EXERCISE GOAL:
Retype exactly the lines from the one that contains "Tasectan Duo 500" through the end of the listing, both included, but not the pictures.

DATASET EXCERPT:
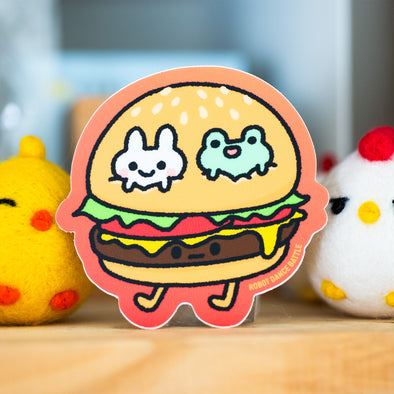 Burger Vinyl Sticker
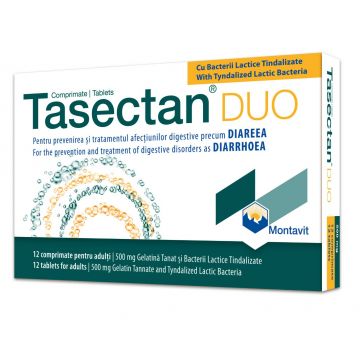 Tasectan Duo 500 mg adulti, 12 capsule, Montavit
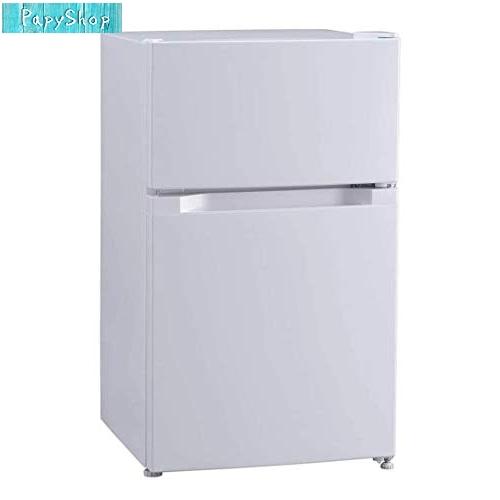 アイリスプラザ 冷蔵庫 87L 小型 家庭用 幅47.5cm 両開き対応 ホワイト PRC-B092...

EXERCISE RESULT:
 Tasectan Duo 500 mg adulti, 12 capsule, Montavit
 アイリスプラザ 冷蔵庫 87L 小型 家庭用 幅47.5cm 両開き対応 ホワイト PRC-B092...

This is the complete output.